Sequences, and recombination 
analysis 

High nucleotide sequence similarity to ZYMV 
was indicated using BLAST N analysis. Analyses 
were conducted using 104 CI nucleotide sequences, 
including 10 nucleotide sequences obtained in this 
work and 94 retrieved from GenBank (Table 2). 

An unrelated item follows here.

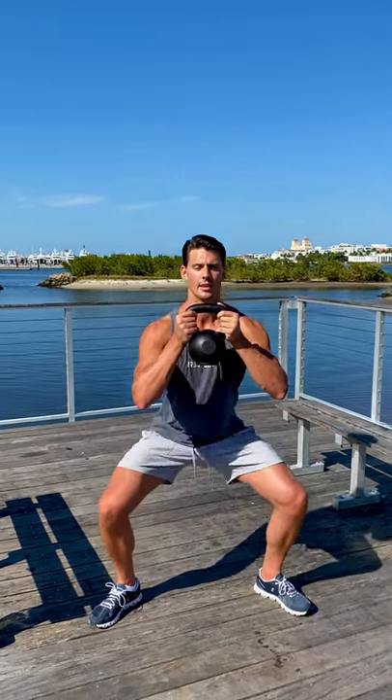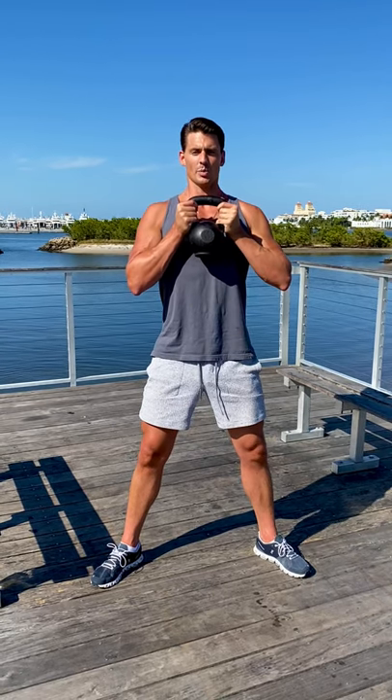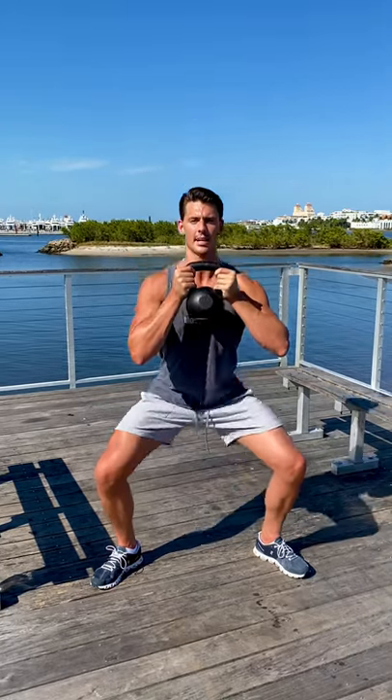Straighten the back and then just lower the hips down like that, as low as you comfortably can. Keep the weight close to your chest at all times. Shoulders down, pulled away from the ears. Chest nice and high. Suck the belly button back to the spine. Keep a nice straight back the entire time.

Out of ZYMV CI sequences retrieved from 
GenBank, three were from Iran and the others were 
from other countries in the world. The Cl 
nucleotide sequences were translated to amino 
acids using ExPASy translate tool 
(http://web.expasy.org/translate/). Alignments were 
performed with Clustal W implemented in BioEdit 
v.7.2.5 (Hall, 1999). The pairwise nucleotide (nt) 
and amino acid (aa) sequence identity scores were 
displayed as color-coded cells using SDT v.1.2 
software (Muhire et al., 2014). Phylogenetic trees 
were generated by the maximum-likelihood (ML) 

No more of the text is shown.